SQL Queries Succinctly^®
by Nick Harrison

CHAPTER 3

More Advanced CRUD

If we knew all of the requirements upfront and could design the database to take them into account, our lives would be much simpler. In the real world, we don’t know all of the requirements upfront. Even the requirements that we are given upfront will change over time, and eventually, many of the initial requirements may no longer be valid or may be unrecognizable given enough time.

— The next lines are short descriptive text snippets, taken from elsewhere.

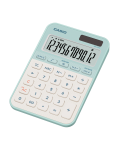 Casio Tischrechner anzeigend MS-20 YC LG grün, 12...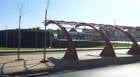 Ponto de ônibus é instalado na av. Antônio Carlos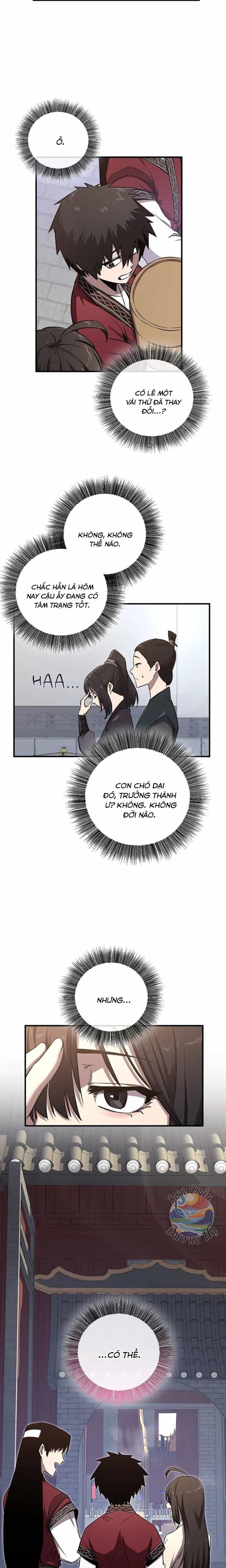 Vô Thượng Chi Ảnh - Chương 7 - ảnh 11
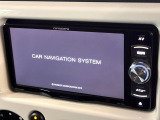 【ナビゲーション】使いやすいナビで目的地までしっかり案内してくれます。各種オーディオ再生機能も充実しており、お車の運転がさらに楽しくなります!!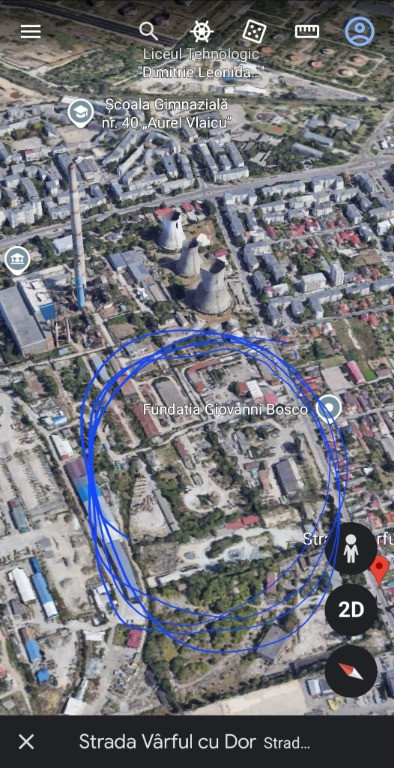 CET/ ANDA/ IDEAL HALE /DEPOZITE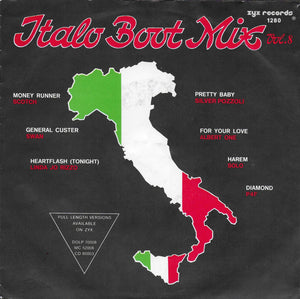 Various - Italo Boot Mix Vol. 8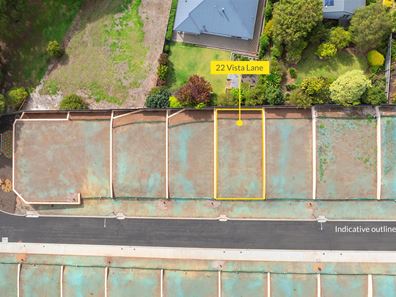 22 Vista Lane, Margaret River WA 6285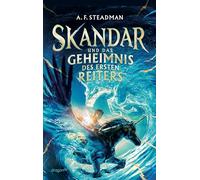 Skandar und das Geheimnis des Ersten Reiters: Hier kommen Percy Jackson Fanns voll auf ihre Kosten | böse Einhörner, Helden und Magie | Internationale Fantasy für Jungen und Mädchen: 2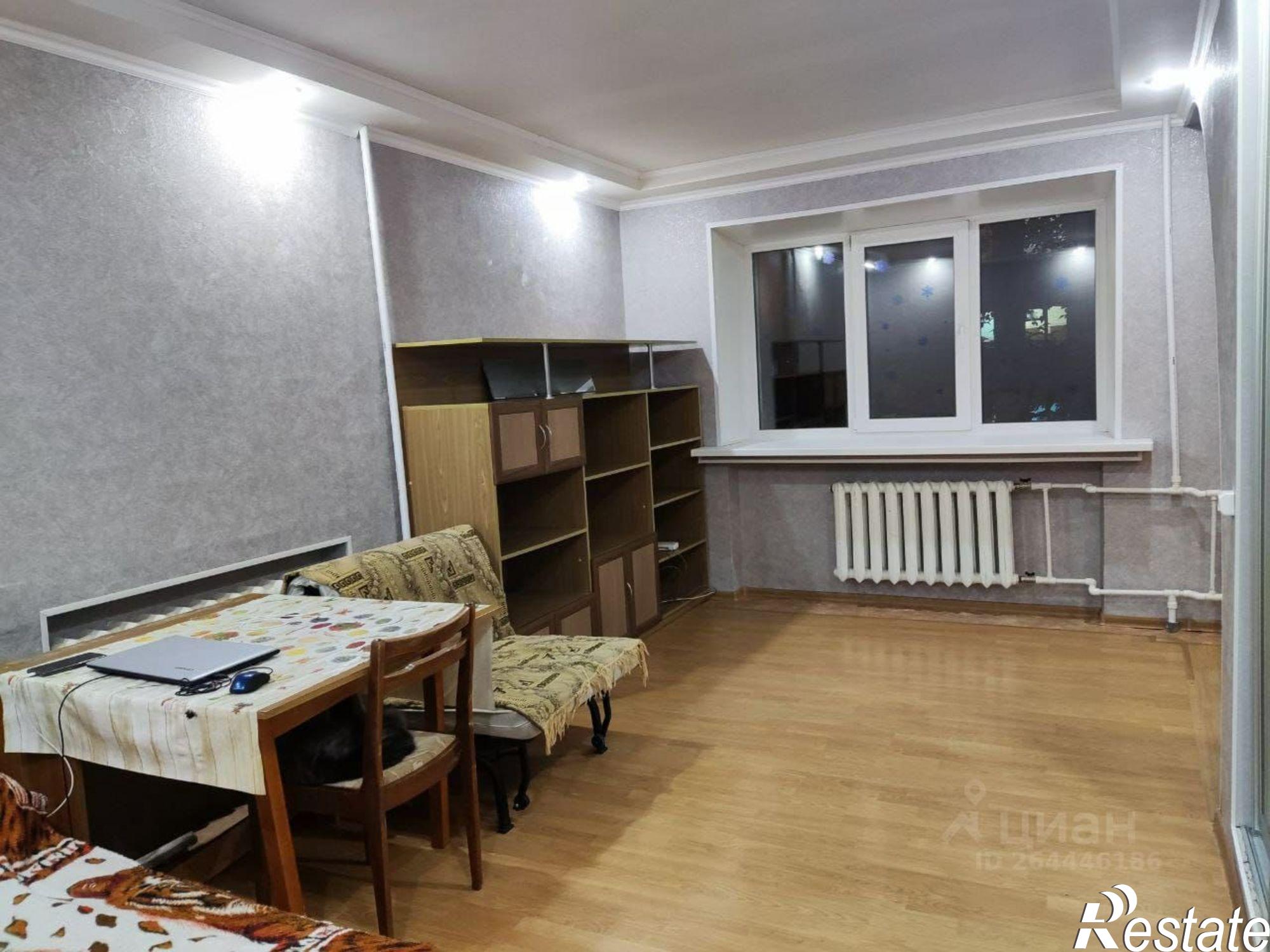 Сдать квартиру за 22 000 рублей на улица Александра Попова, 4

The database is designed in the beginning, using the best information and best practices that we have at the time. Over time, this well-designed database will deteriorate into violating any number of best practices, usually as a result of the changing requirements. No one sets out to create a badly designed database, but anyone who has worked with the same data model for a decent length of time will tell you all sorts of things that they wished were different or that they would do differently if they could start from scratch.

Note: A lot of time can be spent complaining about a bad design or wondering why anyone would come up with the design that you currently have. Such efforts are rarely productive.

Fancy inserts

Select-based inserts

We saw this syntax briefly when we looked at auditing with insert triggers. Instead of explicitly giving the input values for an INSERT statement, we can provide a SELECT statement that will provide this data. This will insert one record for every record in the specified SELECT statement.

An example of a SELECT-driven insert is:

Code Listing 3-1: Select-driven insert

INSERT INTO dbo.Department

( DepartmentName ,

CostCenter ,

LocationId )

( SELECT 'Accounting' ,

' 6MRTG99RAR3N6BI443CRY0M3' ,

0);

This query will insert a single record because the associated select returns only a single record. Because we did not specify a table name, only the values explicitly given in the SELECT clause will be returned. Our SELECT statement can be as complex as any SELECT statement we will see, meaning that we can do some amazing things here.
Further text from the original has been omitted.